Over this last couple of weeks, I have looked at my young black son, and I have cried. While he is joyfully playing and dancing around the house, my thoughts moved to when he is no longer six. When he is no longer safely within my care. What kind of world will he be growing up in?

Will he be looked upon as a threat? If he wears “the wrong thing”. If he is in “the wrong neighborhood”. 

Spending too much time going down this road could leave me huddled on the floor sobbing. 

So what should our response be? This has been the question circulating in my heart over the past week. 

What should our response be in the face of injustice? 

What should our response be when black men are being murdered?

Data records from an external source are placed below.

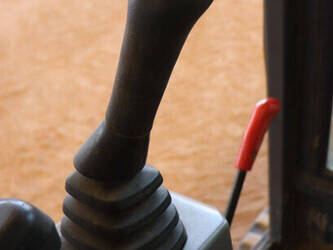 2022-yanmar-jme28z-49162383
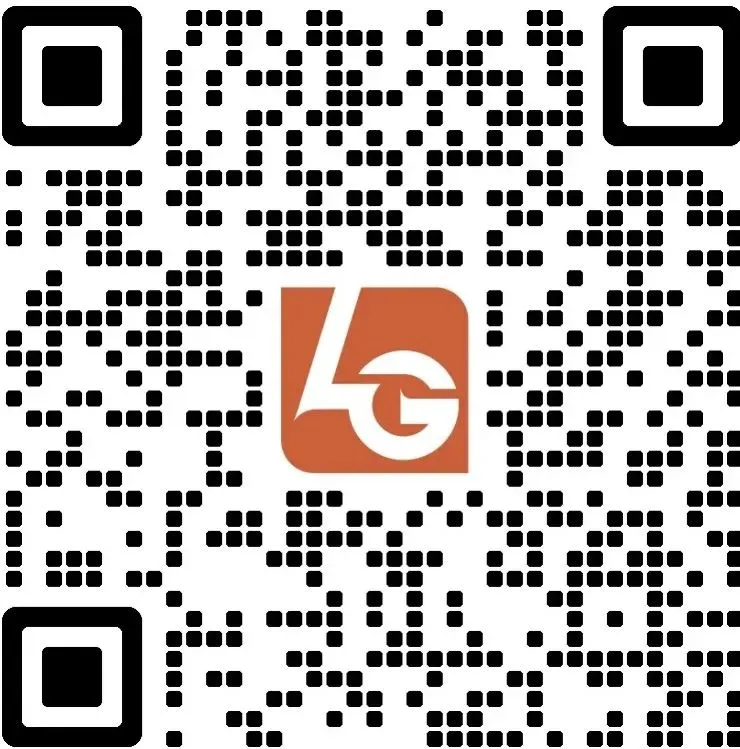 2026年云南省考4月25日面试真题及解析!!! 第3张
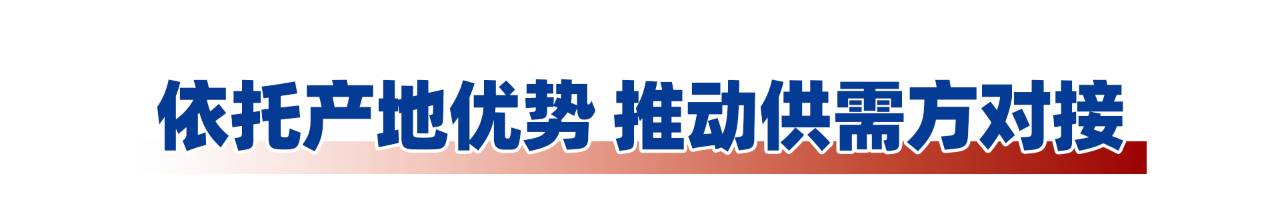 å¾®ä¿¡å¾ç_20250710094454.png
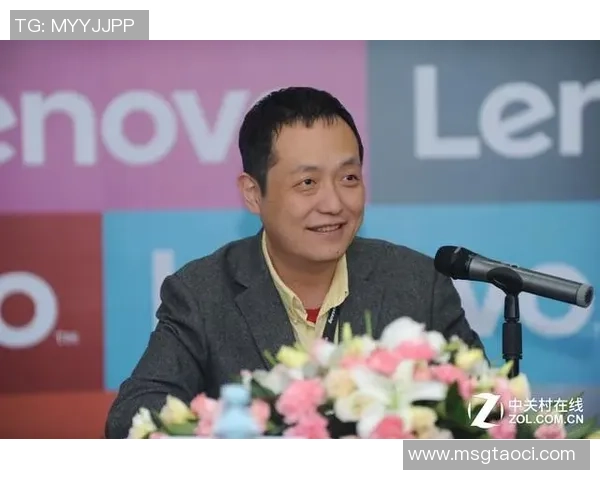 王磊专访:从青涩少年到足球明星的成长之路回顾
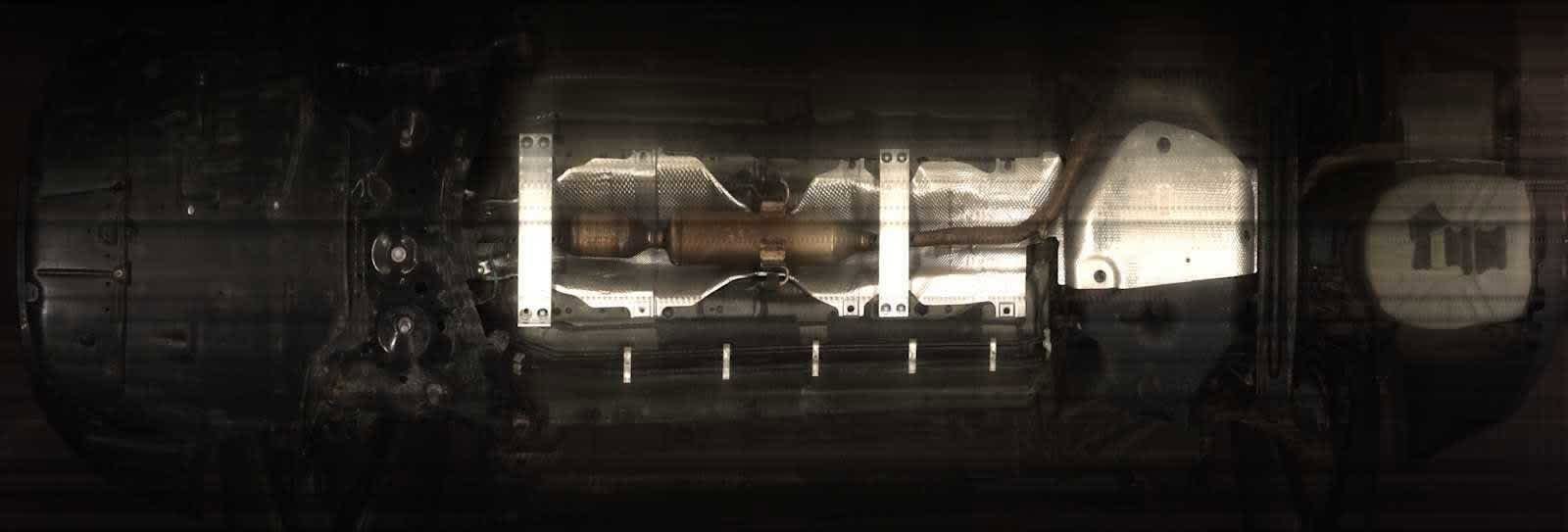 Thumbnail: 2024 Toyota Corolla - 17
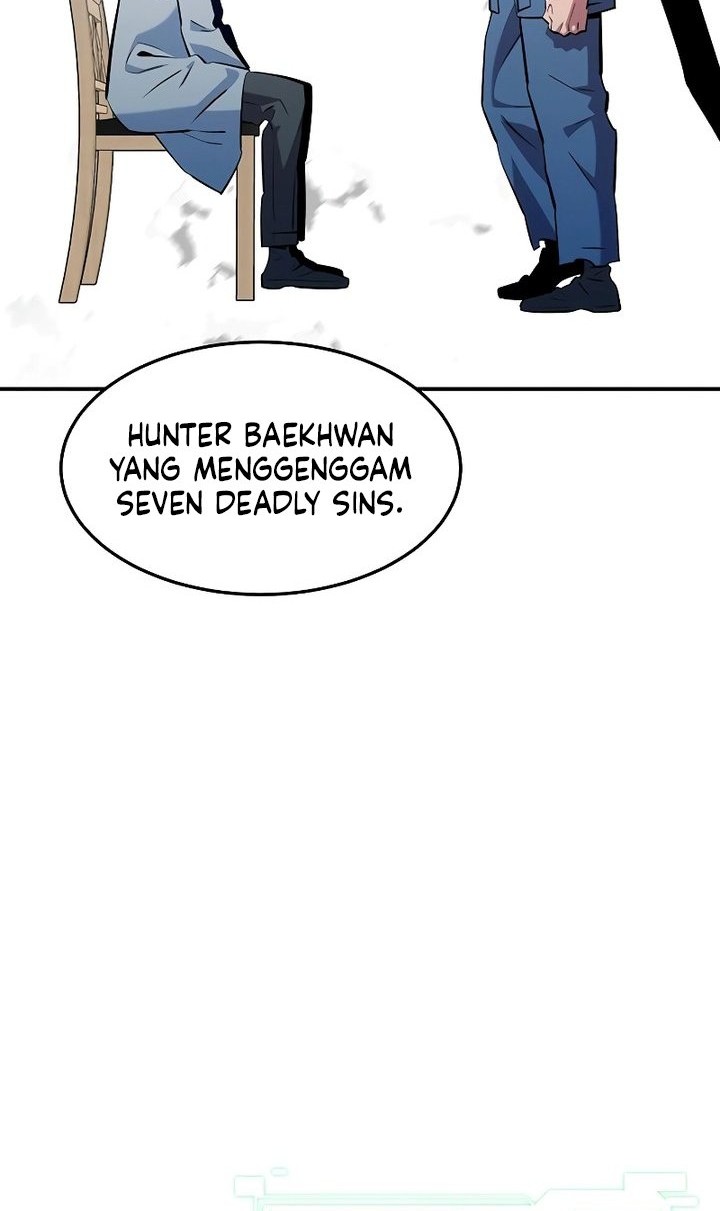 Chapter 148 - halaman 55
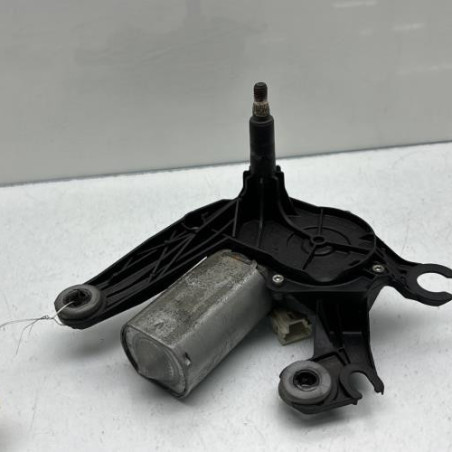 Moteur essuie glace arriere CITROEN XSARA PICASSO Photo n°1
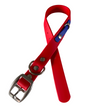 Promo Spéciale sur le Collier standard 1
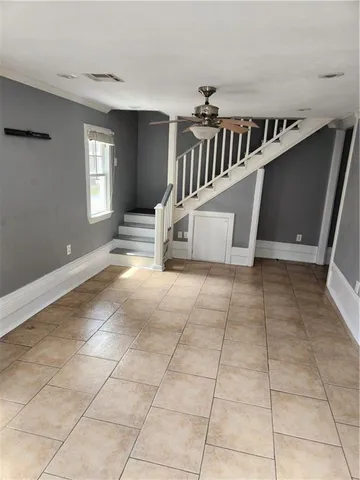 $2,100 | 6595 Wuerpel Street, Unit REAR, New Orleans, LA 70124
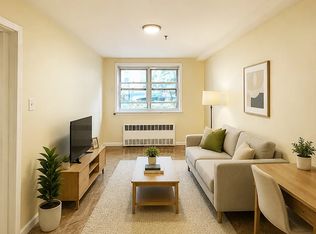 6422 Wetherole St Floor 1, Rego Park, NY 11374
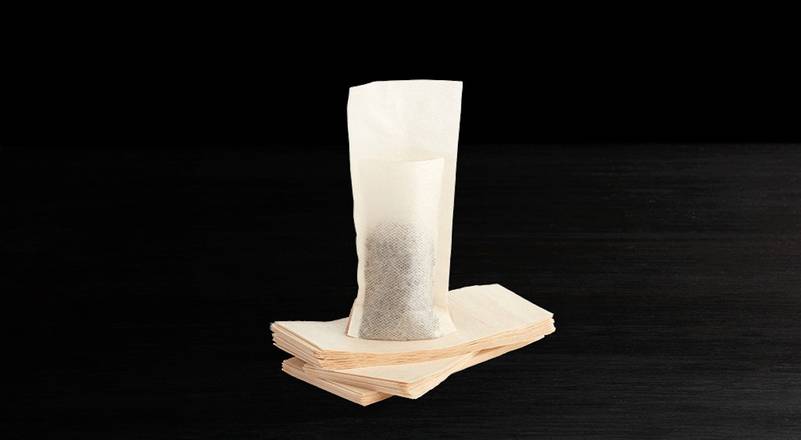 Single Serve Cold Brew Coffee Filters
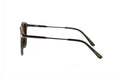 Boléro Maven — Square Keyhole Sunglasses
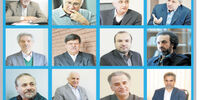چیرگی عقل بر احساس
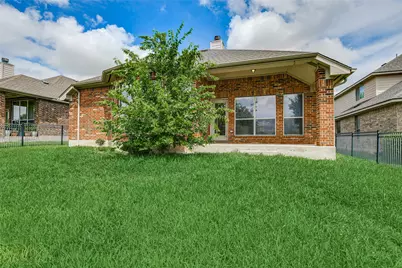 1907 Windberry Path, Round Rock, TX 78665 - Photo 25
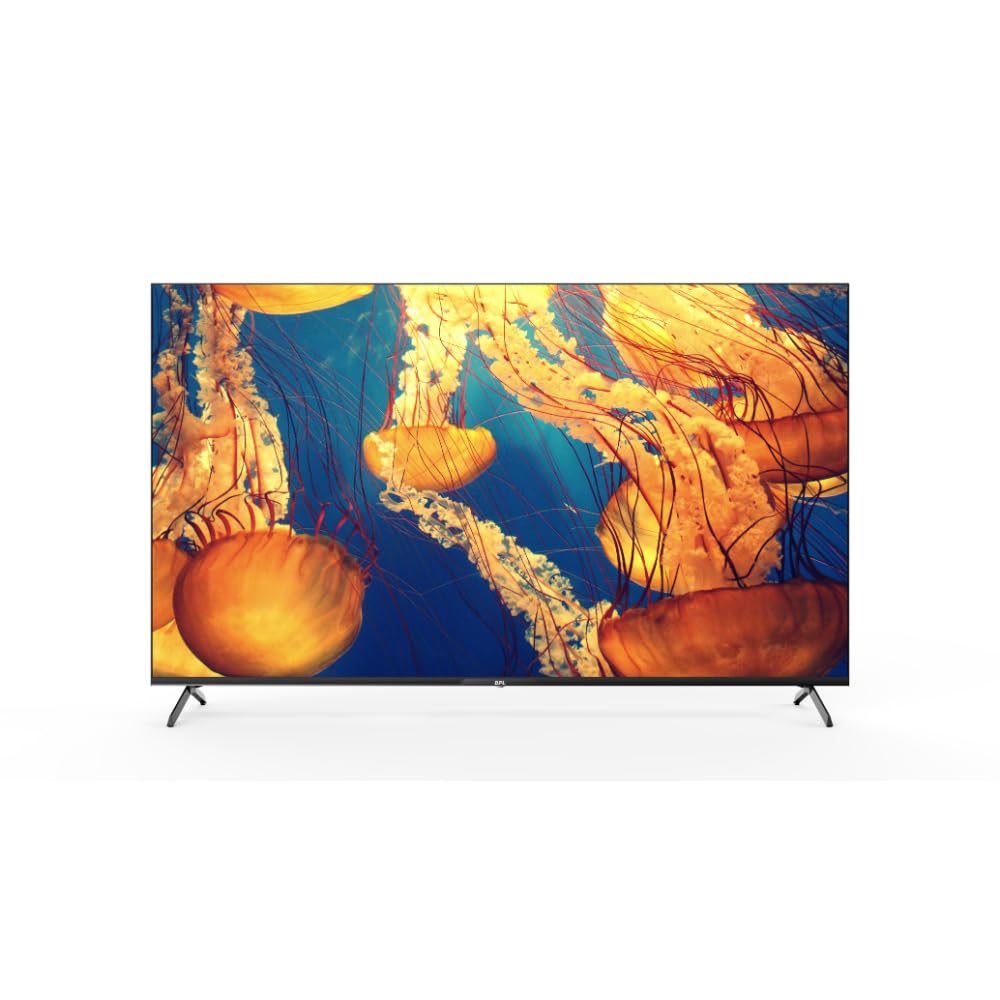 BPL LED 55" 5310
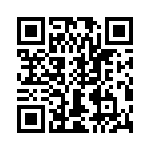 T38077-11-0 QRCode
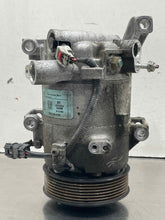 Load image into Gallery viewer, AC A/C AIR CONDITIONING COMPRESSOR Honda Civic CR-V 2016-2022 - NW705739
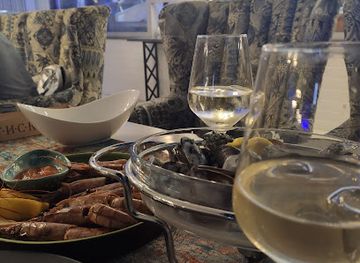 ukraine/vinnytsia/restaurant/restoran-ryver-syty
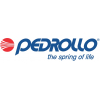 Pedrollo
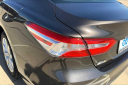 Thumbnail image of 2018 Toyota Camry at Bob Howard Honda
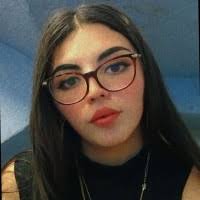 100+ "Baca Gomez" profiles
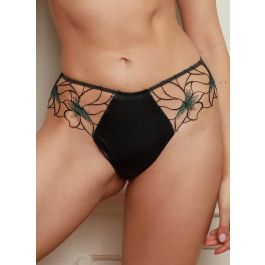Briefs Prelude YD381 N+VE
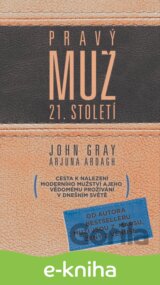 Pravý muž 21. století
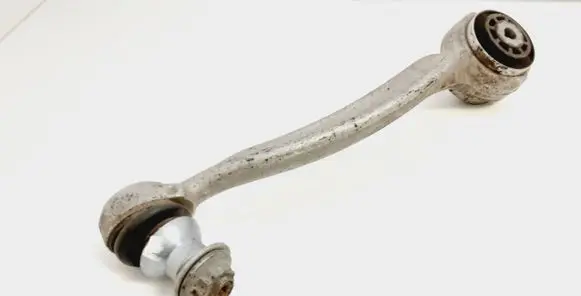 Front lower control arm/wishbone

What should our response be?

My response has been to be the light. Over this past week, I have intentionally held space for women to digest their emotions. To move through the fear, anxiety, shame, sadness, the despair. To move through the grief, the anger, the hopelessness. 

I have led heart-centered meditations to help us stay connected to our humanity. To realize that we are all carriers of life-force, divine energy, the creative force of nature, we are carriers of the same divine essence. When we move inside of ourselves to connect with the divinity within, we begin to recognize that the same spirit that lives in us, lives in every other living being on this planet. 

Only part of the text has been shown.